Étrangement vêtue d'un énorme col roulé (on la dirait plongée au cœur d'une mer aussi avide que vide), la tête surnageant au-dessus d'une sorte de bouée, le corps magnifiquement moulé et tout-à-fait naturel, c'est seule que Vera Mantero se prend au risque de mouvements entravés dans cet invraisemblable tube de laine tricotée, non finie, les aiguilles contenant encore la pelote. Sans doute le fruit du thème à double voie choisi par les deux femmes, ce costume minimal recèle une grande richesse de possibilités, tant imaginaires que physiques. Vêtue de cette maille extensible d'une longueur infinie, évoluant du noir – qui est couleur au Portugal – à celles du drapeau de son pays, l'interprète aurait plutôt l'allure d'une sirène d'aujourd'hui. Lorsqu'elle émergera d'une robe-drapeau très seconde peau, elle aura livré une longue confidence sur son combat passionnel avec ses origines et la construction de son étincelante personnalité.

Robyn Olin aura pensé que les sirènes, quelque soit leur condition, savent nager et chanter. Immergeant ainsi Mantero dans les tempêtes de la création, elle pouvait s'attendre à ce que l'artiste réagisse en concevant de surprenantes inventions et métamorphoses, fut-ce en chantant. Ce défi, brillamment relevé, prend corps entre deux confessions qui peu à peu tisseront le récit surréaliste de cette curieuse expérience d'interprète... jusqu'à ce moment où elle confirme ne pas savoir pourquoi elle est là, ne sachant que son devoir de dire et faire ceci ou cela plutôt que ses raisons.

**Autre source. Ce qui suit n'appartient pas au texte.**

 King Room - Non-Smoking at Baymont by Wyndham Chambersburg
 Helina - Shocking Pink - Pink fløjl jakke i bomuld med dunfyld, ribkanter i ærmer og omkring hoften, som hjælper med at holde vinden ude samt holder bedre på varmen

Après plusieurs tentatives de scenarii abandonnés, l'artiste portugaise avoue se trouver dans l'impasse. Il n'y aura ici que l'idée de l'absurdité de vouloir faire comprendre, l'impossibilité de dire et de créer. Ceci semble être tout le sel de cette insolite performance. C'est armée de petites caméras et d'œillets qu'elle s'adresse au public, évoquant tout ce qu'on ne pourra pas voir, visitant ici les grandes étapes de l'art contemporain, minimaliste ou conceptuel, avec une ironie suggestive – comme celle de son salut final : « merci, non merci encore… mille excuses ! mais rentrez chez vous, la soirée est encore longue… pour en faire quelque chose ».

La danseuse se tient dans l'exil du langage, à l'orée du sens et dans le plus jubilatoire abandon à l'absurde. Maille après maille, tandis que le spectacle se dépouille de ses formes conventionnelles, les artistes donnent voix au monde sensible. Sans la force clownesque de cette chorégraphe-interprète, on ne saurait supporter cette heure un tantinet tragique, bricolage créatif sauvé par l'humour parfois noir. La tendance nihiliste au service d'un public, si intello-dépendant qu'il peut en oublier le jugement, est un pari difficile pour la création et ce que l'on voudrait appeler la culture.